Regular monitoring is crucial, especially to adjust treatment strategies and ensure that vertigo is not impacting daily activities significantly. Referral to specialists like ENTs or neurologists may be necessary for comprehensive care.

Dizziness is a common symptom that can be caused by a wide range of conditions.
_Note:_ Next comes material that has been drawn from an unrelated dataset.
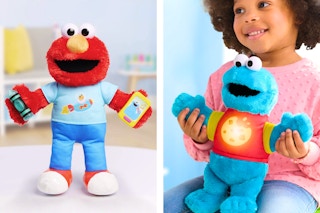 2 lifestyle images of Sesame Street learning toys (Elmo & Cookie Monster)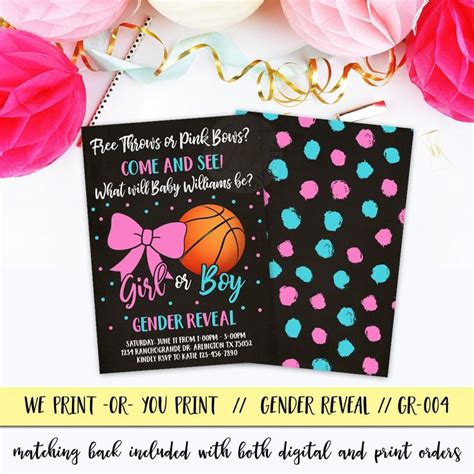 Basketball Gender Reveal Invitation With Pink Bows Etsy Gender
It’s often described as a feeling of light-headedness, unsteadiness, or vertigo (a sensation of spinning).

Causes:

  • Inner Ear Problems: Such as benign paroxysmal positional vertigo (BPPV), Meniere’s disease, vestibular neuritis.
  • Neurological Conditions: Migraines, stroke, multiple sclerosis.
  • Cardiovascular Issues: Low blood pressure, arrhythmias, dehydration, anemia.
  • Medications: Side effects of drugs like antihypertensives, anticonvulsants.
  • Psychogenic Causes: Anxiety, panic attacks, depression.
  • Vision and Proprioception Issues: Problems with eyesight or proprioceptive disorders.
  • Other Causes: Aging, head injury, metabolic disorders like hypoglycemia.

Diagnosis:

  • Clinical History and Physical Examination: Assessing the nature of dizziness (vertigo, unsteadiness, light-headedness), associated symptoms, and triggering factors.
  • Neurological Examination: To check balance, gait, and nerve function.
  • Audiological Tests: If an inner ear disorder is suspected.
  • Blood Tests: To identify diabetes, anemia, or thyroid problems.
  • Imaging: MRI or CT scans if a brain or inner ear pathology is suspected.
  • Cardiovascular Assessment: Blood pressure measurements, heart rate, and ECG if a cardiovascular cause is suspected.

Differential Diagnosis:

  • BPPV: Brief episodes of vertigo related to changes in head position.
  • Meniere’s Disease: Characterized by vertigo, hearing loss, and tinnitus.
  • Vestibular Neuritis: Inflammation of the vestibular nerve causing prolonged vertigo.
  • Orthostatic Hypotension: Dizziness upon standing due to blood pressure drop.
  • Anxiety Disorders: Dizziness accompanied by anxiety symptoms.
  • Hypoglycemia: Low blood sugar can cause light-headedness.

Management:

  • General Measures:
    • Safety Measures: Preventing falls or injuries associated with dizziness.
    • Hydration and Diet: Adequate fluid intake, especially if dehydration is a factor.
  • Specific Treatments:
    • BPPV: Canalith repositioning maneuvers (e.g., Epley maneuver).
    • Meniere’s Disease: Dietary modifications (low salt), diuretics, and vestibular suppressants.
    • Vestibular Neuritis: Vestibular rehabilitation therapy and possibly corticosteroids.
    • Orthostatic Hypotension: Gradual position changes, increased salt and water intake, compression stockings.
  • Medication Review: Adjusting or discontinuing medications that may cause dizziness.
  • Psychotherapy and Medications: For anxiety-related dizziness.
  • Referral to a Specialist: Such as an ENT doctor, neurologist, or cardiologist, depending on the suspected underlying cause.

Follow-Up:

Regular follow-up is important to monitor the effectiveness of treatment and to adjust the management plan as necessary. Since dizziness can be caused by a variety of factors, a multidisciplinary approach is often beneficial for effective management.